Web page caption snippets
────────────────────────────────────────
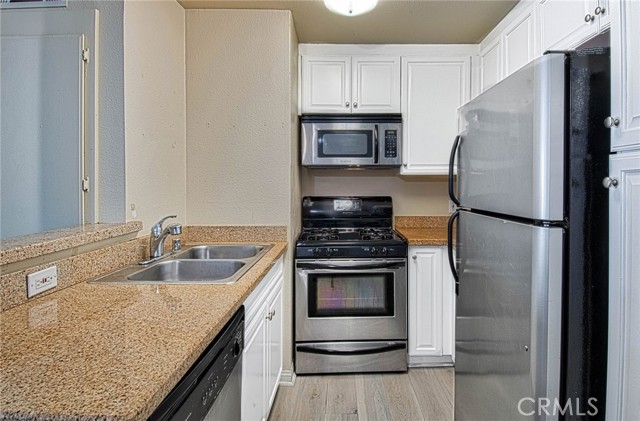 5500 Owensmouth Avenue, 212 photo 2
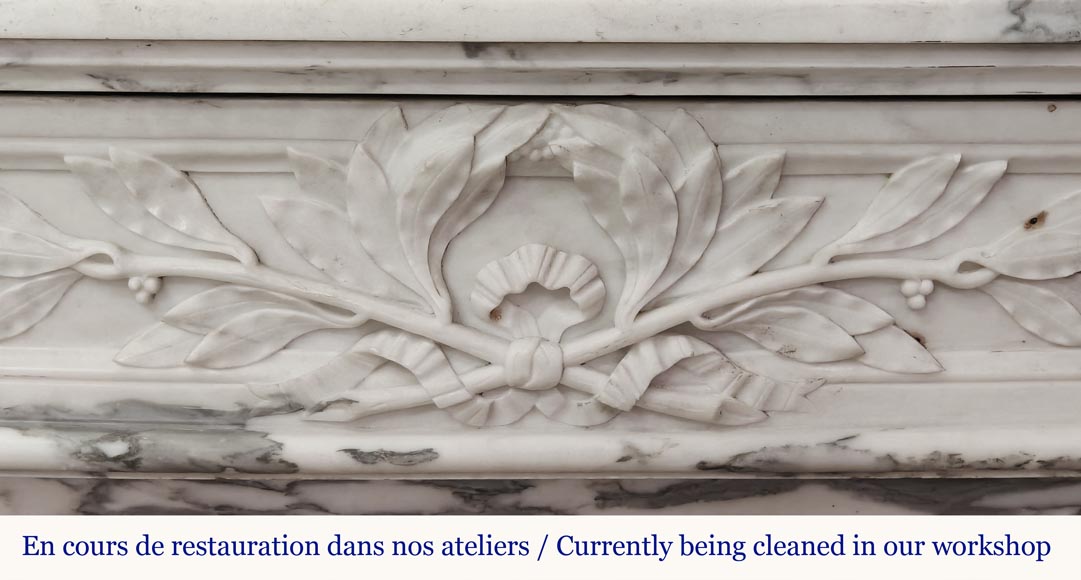 Curved Louis XVI style fireplace in Arabescato marble, decorated with a laurel wreath Curved Louis XVI style fireplace in Arabescato marble, decorated with a laurel wreath-1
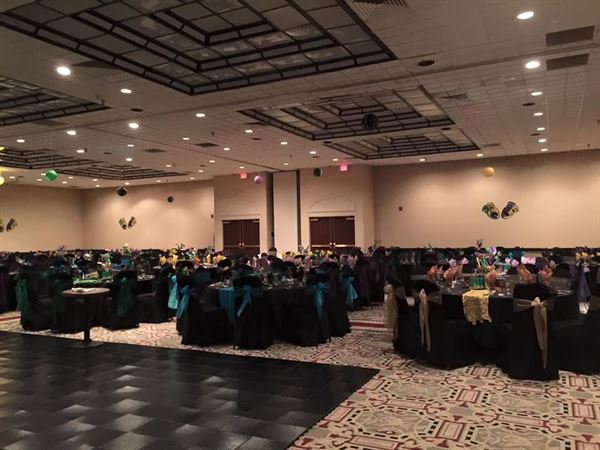 Wyndham El Paso Airport Hotel and Water Park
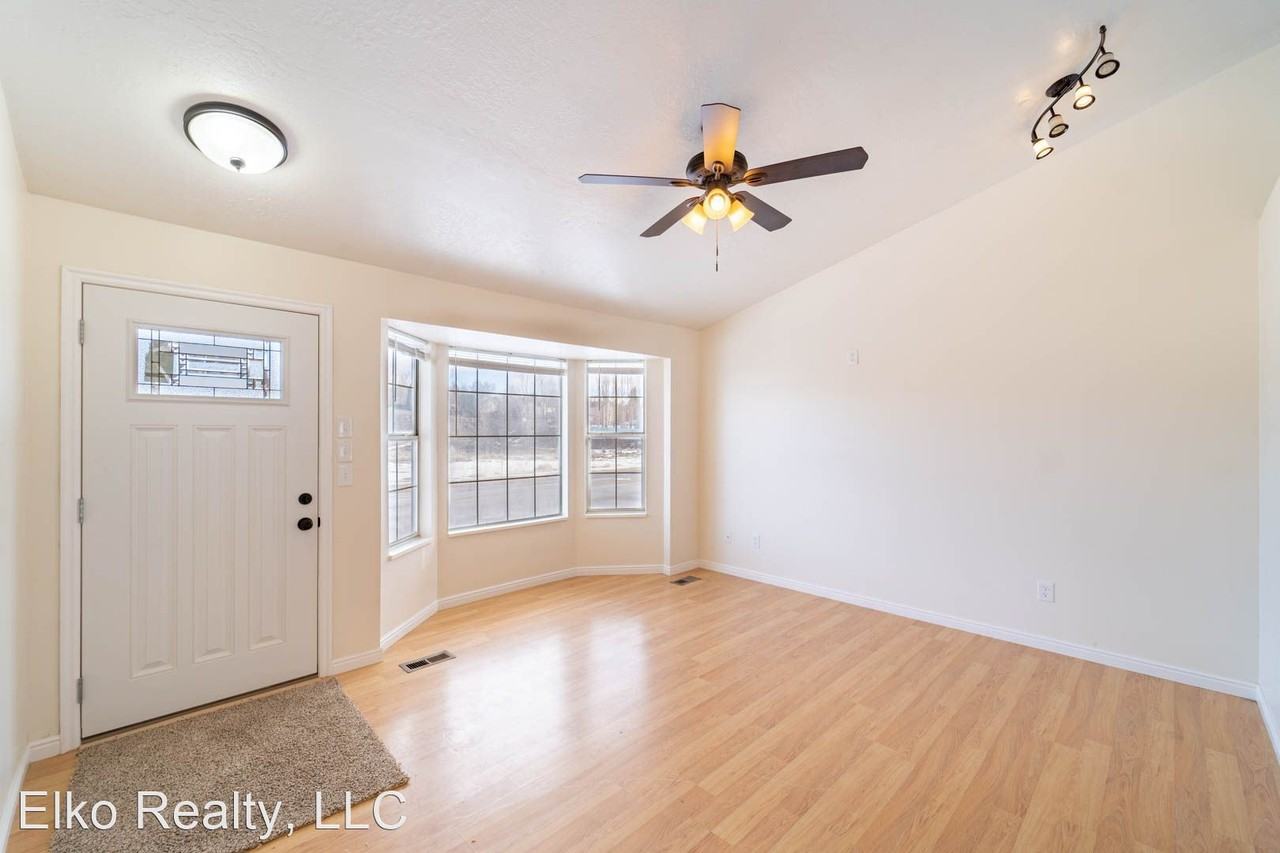 703 Mittry Ave - Photo 2 of 15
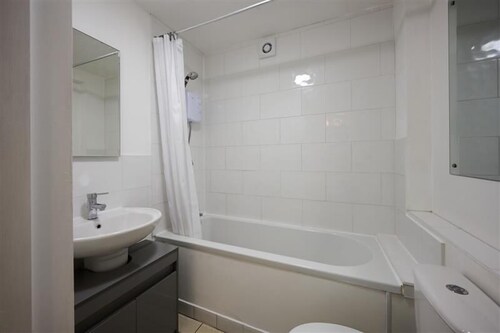 Host & Stay | Nile Street Retreat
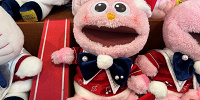 聖歌隊モッピーぬいぐるみ| キャステル | CASTEL ディズニー情報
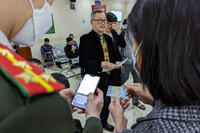 Chuyện cảm động trong ngày đầu cấp hộ chiếu gắn chíp ở Hà Nội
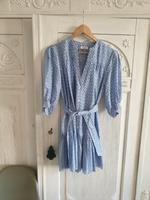 Wunderschönes Kleid aus Leinen uns Seide von Sandro Paris Bremen - Schwachhausen Vorschau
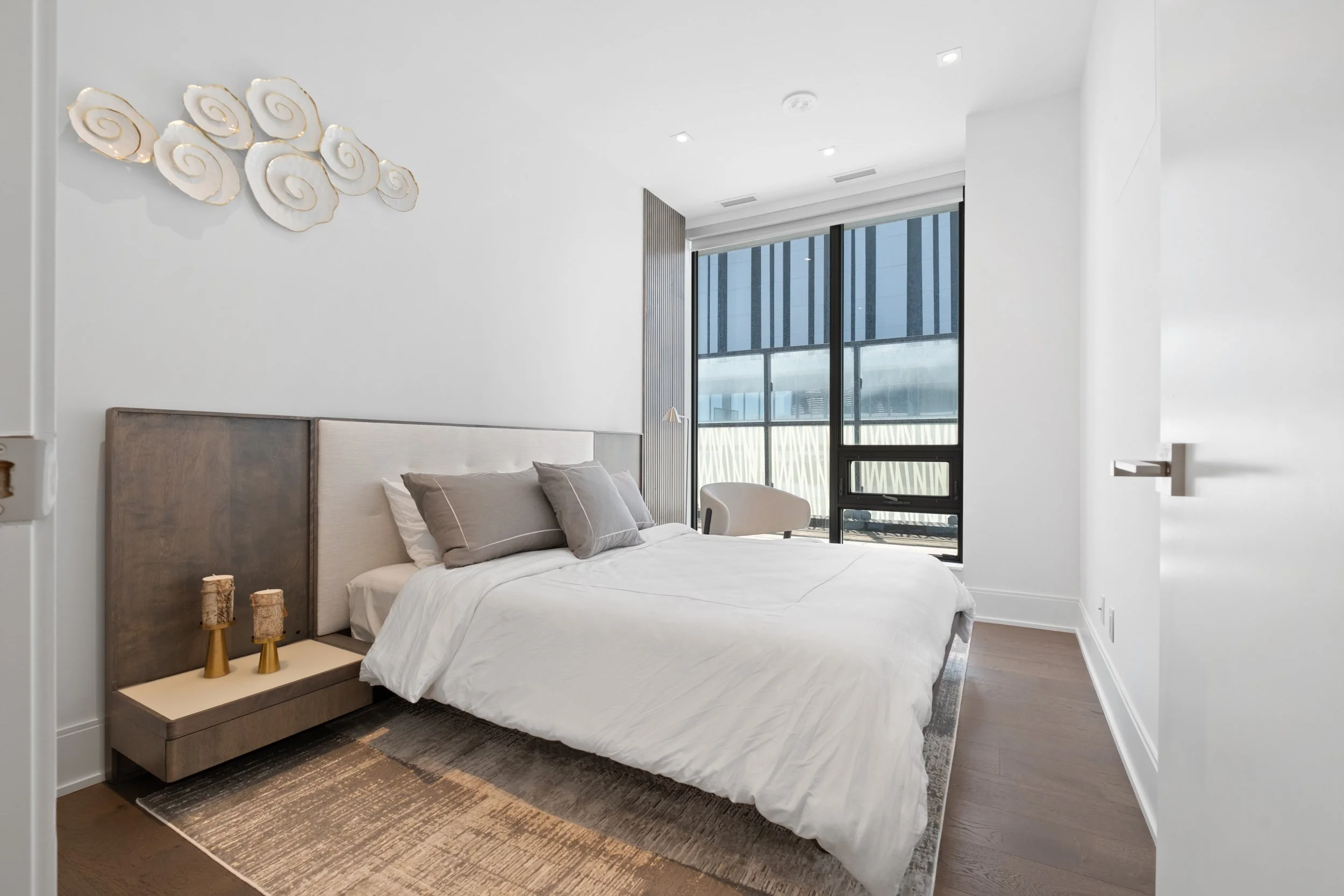 5502-50 Charles St E, Toronto 045.jpg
────────────────────────────────────────
DESCRIPTION OF THE TASK
Set down all records verbatim, omitting images.

TASK SOLUTION
 5500 Owensmouth Avenue, 212 photo 2
 Curved Louis XVI style fireplace in Arabescato marble, decorated with a laurel wreath Curved Louis XVI style fireplace in Arabescato marble, decorated with a laurel wreath-1
 Wyndham El Paso Airport Hotel and Water Park
 703 Mittry Ave - Photo 2 of 15
 Host & Stay | Nile Street Retreat
 聖歌隊モッピーぬいぐるみ| キャステル | CASTEL ディズニー情報
 Chuyện cảm động trong ngày đầu cấp hộ chiếu gắn chíp ở Hà Nội
 Wunderschönes Kleid aus Leinen uns Seide von Sandro Paris Bremen - Schwachhausen Vorschau
 5502-50 Charles St E, Toronto 045.jpg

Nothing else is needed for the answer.